Worse performance using datashader?
I wrote some benchmarks available here https://github.com/scverse/spatialdata-plot/pull/295 (they can simply run as tests) and I have noticed that the datashader performance is worse than the matplotlib based one.
I think this maybe be due to the size of the canvas used by datashader since in the MERFISH example here https://github.com/scverse/spatialdata-plot/pull/243 the performance was (as expected) better.
Therefore using a smaller default canvas size may fixed the issue. @Sonja-Stockhaus could you please have a look into this?
Here are the results of a (single) run of the tests (the timing are consistent across multiple manual runs).

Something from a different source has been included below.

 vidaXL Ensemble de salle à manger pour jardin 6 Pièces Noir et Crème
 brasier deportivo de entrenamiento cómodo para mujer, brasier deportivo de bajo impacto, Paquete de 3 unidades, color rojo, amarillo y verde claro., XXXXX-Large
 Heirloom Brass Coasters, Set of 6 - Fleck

With the fix that I proposed to the performance bug here https://github.com/scverse/spatialdata-plot/issues/297 the performance gap is much bigger
@Sonja-Stockhaus my "didn't-look-at-the-code" theory is that datashader generates too large of an image which then bypasses the rasterisation-downsampling logic. Wdyt?

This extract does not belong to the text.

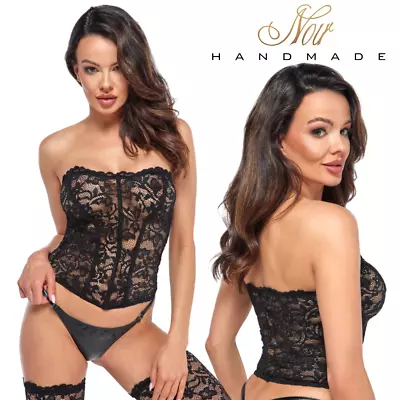 Buy NOIR HANDMADE Black Lace Top Strapless Corset Sexy Sheer Mesh T-shirts For Her • 80.95£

Yep, datashader generates an image that is exactly the size of the extent (large extent = large image = long runtime). I'll think of sth so that we can use a smaller canvas size and then maybe rasterize or so to bring it back to the original scale. Do we want a heuristic again to decide on the "smaller canvas size"?
I also noticed that for datashader, e.g. the radius of the points is relative to the axes which is not the case for matplotlib. So for a large extent you need extremely large point sizes to even make them visible at all with datashader. That should be consistent with matplotlib.
Thanks for the explanation. I would reuse the logic of _rasterize_if_necessary() or _multiscale_to_spatial_image() to take the dpi of the figure and the fig_size into consideration, since the extent could be extremely large, but in the end we are limited by the pixels available on screen/paper for plotting.
Btw, off-topic comment, when plotting Visium HD data as points/circles I noticed a Moire pattern due to the presence of a small rotation in the raw data. With datashader rasterization the Moire pattern disappears, which is great! So using datashader could have also this nice use case beyond improved performance.